AFFIRMED: Teachers As Citizens
A Case Study
Maggi Smith Hall
At a time when our first amendment rights are being questioned and even denied, this extraordinary story is timely. It begins in a small southern town with a letter to the editor of the newspaper by a citizen requesting access to public records. It ends years later at the Fourth Circuit Court of Appeals in Richmond Virginia.
Those who pick up the gauntlet and press forward in the pursuit to strengthen their school system will discover, as did I, that a vast number of people and organizations stand ready to support their efforts, especially the newspapers. And even though their voices of dissent may disturb the status quo, as Supreme Court Justice Hughes wrote, such a right must be acknowledged even if it "...induces a condition of unrest, creates dissatisfaction with conditions as they are, and...stirs people to anger.
Public employees have a right to question their supervisors regarding matters of public concern.

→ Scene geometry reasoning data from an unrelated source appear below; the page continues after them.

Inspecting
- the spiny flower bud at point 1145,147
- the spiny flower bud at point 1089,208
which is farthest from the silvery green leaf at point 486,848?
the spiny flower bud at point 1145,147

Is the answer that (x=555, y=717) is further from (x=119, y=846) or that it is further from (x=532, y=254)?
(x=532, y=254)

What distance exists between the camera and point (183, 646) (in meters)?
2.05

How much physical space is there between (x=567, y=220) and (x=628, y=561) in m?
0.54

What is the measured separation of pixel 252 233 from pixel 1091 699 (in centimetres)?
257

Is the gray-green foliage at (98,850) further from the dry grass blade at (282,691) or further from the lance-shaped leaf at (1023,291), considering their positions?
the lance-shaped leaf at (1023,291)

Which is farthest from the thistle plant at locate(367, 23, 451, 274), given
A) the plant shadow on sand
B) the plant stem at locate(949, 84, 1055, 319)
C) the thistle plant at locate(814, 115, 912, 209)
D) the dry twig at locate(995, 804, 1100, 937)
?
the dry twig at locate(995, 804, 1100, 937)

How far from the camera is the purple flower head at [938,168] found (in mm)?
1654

And citizens of these United States have not only the right but the responsibility to question authority and protect free speech by exercising it. We are moving into dangerous times. We must stand firm for the Constitution of the United States of America and in so doing, of democracy itself.
Inside Dust Cover:
In the words of Albert Einstein, "The strength of the Constitution lies entirely in the determination of each citizen to defend it." And so it has been with hundreds of public school teachers who discovered that when they criticized their school system, they experienced retaliation in the form of scurrilous attacks and physical threats.
It happened to author Maggi Hall, beginning with a simple letter to the editor of her local newspaper. Little did Hall realize that her complaints criticizing her school district's inappropriate expenditure of funds would result in harassment, intimidation, and termination. The covert attempt to punish her included the use of public funds to follow and photograph her-a well-planned conspiracy that included school board members and administrators, a minister, strangers, supposed friends, and fellow teachers.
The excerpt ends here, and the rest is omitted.